Although Jan and Dean had hit the big time, they were still both full-time college students, Dean at the University of Southern California and Jan at U.C.L.A.

It was also in 1964 Jan and Dean started recording under their own label, Majic Lamp Records. Dean founded J&D Records in 1966, but it failed after only two releases. Jan and Dean’s successful career almost came to an abrupt end with Jan’s auto accident. Like a scene out of Rod Serling’s Twilight Zone, Berry pulled out to pass a slow vehicle on Whittier Drive in Beverly Hills and hit a truck parked at the curb. It so eerily resembled the story theme in the lyrics of Dead Man's Curve. Was it merely coincidence the accident occurred only a few miles from the actual Dead Man’s Curve in Los Angeles?

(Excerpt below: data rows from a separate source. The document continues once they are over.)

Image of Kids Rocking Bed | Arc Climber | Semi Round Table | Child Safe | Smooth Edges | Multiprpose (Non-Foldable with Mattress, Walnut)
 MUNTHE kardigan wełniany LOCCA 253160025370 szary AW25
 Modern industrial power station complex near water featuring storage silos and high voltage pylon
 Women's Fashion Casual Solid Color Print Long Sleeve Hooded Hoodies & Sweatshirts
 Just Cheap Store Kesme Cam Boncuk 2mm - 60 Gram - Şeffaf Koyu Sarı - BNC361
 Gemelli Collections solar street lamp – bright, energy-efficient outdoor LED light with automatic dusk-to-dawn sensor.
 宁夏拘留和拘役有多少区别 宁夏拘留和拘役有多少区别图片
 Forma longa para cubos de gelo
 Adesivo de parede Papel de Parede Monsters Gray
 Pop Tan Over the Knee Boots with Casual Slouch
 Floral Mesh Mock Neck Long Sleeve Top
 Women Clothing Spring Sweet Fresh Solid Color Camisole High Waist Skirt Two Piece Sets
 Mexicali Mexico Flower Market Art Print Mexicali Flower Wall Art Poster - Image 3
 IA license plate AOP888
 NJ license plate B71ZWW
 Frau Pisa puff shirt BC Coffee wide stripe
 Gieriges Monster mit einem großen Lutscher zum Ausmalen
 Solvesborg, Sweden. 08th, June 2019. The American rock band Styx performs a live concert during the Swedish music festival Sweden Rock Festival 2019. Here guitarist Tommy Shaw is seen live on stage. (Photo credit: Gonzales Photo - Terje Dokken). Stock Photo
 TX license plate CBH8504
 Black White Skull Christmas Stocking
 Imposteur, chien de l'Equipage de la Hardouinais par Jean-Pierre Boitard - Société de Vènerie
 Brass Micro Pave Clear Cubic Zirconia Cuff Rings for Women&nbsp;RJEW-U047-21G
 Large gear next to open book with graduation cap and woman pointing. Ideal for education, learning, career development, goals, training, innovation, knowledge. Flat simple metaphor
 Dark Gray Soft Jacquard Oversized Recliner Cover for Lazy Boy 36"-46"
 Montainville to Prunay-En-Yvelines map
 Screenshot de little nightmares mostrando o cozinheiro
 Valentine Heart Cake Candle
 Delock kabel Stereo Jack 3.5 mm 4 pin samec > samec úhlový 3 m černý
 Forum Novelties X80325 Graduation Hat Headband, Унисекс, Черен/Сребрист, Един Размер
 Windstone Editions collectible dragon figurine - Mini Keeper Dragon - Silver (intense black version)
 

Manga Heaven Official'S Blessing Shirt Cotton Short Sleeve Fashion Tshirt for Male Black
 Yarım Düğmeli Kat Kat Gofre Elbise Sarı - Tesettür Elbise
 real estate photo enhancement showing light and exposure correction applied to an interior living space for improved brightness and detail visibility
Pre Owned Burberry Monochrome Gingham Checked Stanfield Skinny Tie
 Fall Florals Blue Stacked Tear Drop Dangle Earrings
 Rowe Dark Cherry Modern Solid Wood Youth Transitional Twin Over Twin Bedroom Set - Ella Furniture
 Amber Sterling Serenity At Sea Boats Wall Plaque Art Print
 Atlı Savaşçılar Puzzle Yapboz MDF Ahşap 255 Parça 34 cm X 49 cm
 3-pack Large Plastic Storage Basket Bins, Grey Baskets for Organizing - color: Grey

The song was inducted into the Grammy Hall of Fame in 2008.

Paramedics arriving on the scene first thought Berry was dead. Checking his vital signs, they found he was alive. At UCLA Hospital they discovered he had suffered severe brain damage and was in a coma. Doctors didn’t see much hope for his survival. Berry remained in a coma for months and when he awoke, he was unable to walk or speak and was paralyzed on the right side.

Berry returned to the studio and began to sing again in the early 1970s although he still suffered effects from his accident. He was still partially paralyzed, had aphasia, walked with a limp and had only minimal use of his right arm. Jan Berry died March 26, 2004 after suffering a seizure at the age of 62.

Dean now occasionally tours with The Surf City All-stars and serves as a spokesman for the City of Huntington Beach California, nationally recognized as Surf City USA.